◆ Your assignment:
Every line from the one that contains "Thule Rapid Tracker" to the end of the material below should be output exactly, with both ends included and nothing else.

◆ Information provided:
* * * *

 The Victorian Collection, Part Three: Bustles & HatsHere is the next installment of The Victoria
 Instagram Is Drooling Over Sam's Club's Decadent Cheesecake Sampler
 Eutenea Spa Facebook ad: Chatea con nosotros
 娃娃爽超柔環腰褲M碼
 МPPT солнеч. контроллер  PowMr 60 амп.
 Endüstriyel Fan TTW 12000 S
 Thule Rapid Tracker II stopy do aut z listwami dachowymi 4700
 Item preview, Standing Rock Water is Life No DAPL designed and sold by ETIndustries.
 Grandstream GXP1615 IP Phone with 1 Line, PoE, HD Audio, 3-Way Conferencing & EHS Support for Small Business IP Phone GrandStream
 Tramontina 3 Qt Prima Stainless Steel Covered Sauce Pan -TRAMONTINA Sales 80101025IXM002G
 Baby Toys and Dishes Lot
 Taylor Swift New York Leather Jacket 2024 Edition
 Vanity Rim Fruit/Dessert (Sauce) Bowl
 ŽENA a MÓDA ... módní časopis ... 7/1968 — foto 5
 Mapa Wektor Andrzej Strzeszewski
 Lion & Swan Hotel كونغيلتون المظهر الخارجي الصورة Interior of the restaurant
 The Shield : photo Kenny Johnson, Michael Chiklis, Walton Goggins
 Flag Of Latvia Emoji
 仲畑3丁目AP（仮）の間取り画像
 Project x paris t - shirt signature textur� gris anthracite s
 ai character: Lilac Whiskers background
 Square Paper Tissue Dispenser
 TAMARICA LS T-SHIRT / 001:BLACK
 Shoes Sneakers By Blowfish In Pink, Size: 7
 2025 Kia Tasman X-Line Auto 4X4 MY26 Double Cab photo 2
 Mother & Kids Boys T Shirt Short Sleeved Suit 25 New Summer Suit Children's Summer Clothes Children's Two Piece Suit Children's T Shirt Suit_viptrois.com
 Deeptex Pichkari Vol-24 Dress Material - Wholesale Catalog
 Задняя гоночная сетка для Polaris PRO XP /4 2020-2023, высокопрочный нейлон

* * * *

◆ Response to the task:
 Thule Rapid Tracker II stopy do aut z listwami dachowymi 4700
 Item preview, Standing Rock Water is Life No DAPL designed and sold by ETIndustries.
 Grandstream GXP1615 IP Phone with 1 Line, PoE, HD Audio, 3-Way Conferencing & EHS Support for Small Business IP Phone GrandStream
 Tramontina 3 Qt Prima Stainless Steel Covered Sauce Pan -TRAMONTINA Sales 80101025IXM002G
 Baby Toys and Dishes Lot
 Taylor Swift New York Leather Jacket 2024 Edition
 Vanity Rim Fruit/Dessert (Sauce) Bowl
 ŽENA a MÓDA ... módní časopis ... 7/1968 — foto 5
 Mapa Wektor Andrzej Strzeszewski
 Lion & Swan Hotel كونغيلتون المظهر الخارجي الصورة Interior of the restaurant
 The Shield : photo Kenny Johnson, Michael Chiklis, Walton Goggins
 Flag Of Latvia Emoji
 仲畑3丁目AP（仮）の間取り画像
 Project x paris t - shirt signature textur� gris anthracite s
 ai character: Lilac Whiskers background
 Square Paper Tissue Dispenser
 TAMARICA LS T-SHIRT / 001:BLACK
 Shoes Sneakers By Blowfish In Pink, Size: 7
 2025 Kia Tasman X-Line Auto 4X4 MY26 Double Cab photo 2
 Mother & Kids Boys T Shirt Short Sleeved Suit 25 New Summer Suit Children's Summer Clothes Children's Two Piece Suit Children's T Shirt Suit_viptrois.com
 Deeptex Pichkari Vol-24 Dress Material - Wholesale Catalog
 Задняя гоночная сетка для Polaris PRO XP /4 2020-2023, высокопрочный нейлон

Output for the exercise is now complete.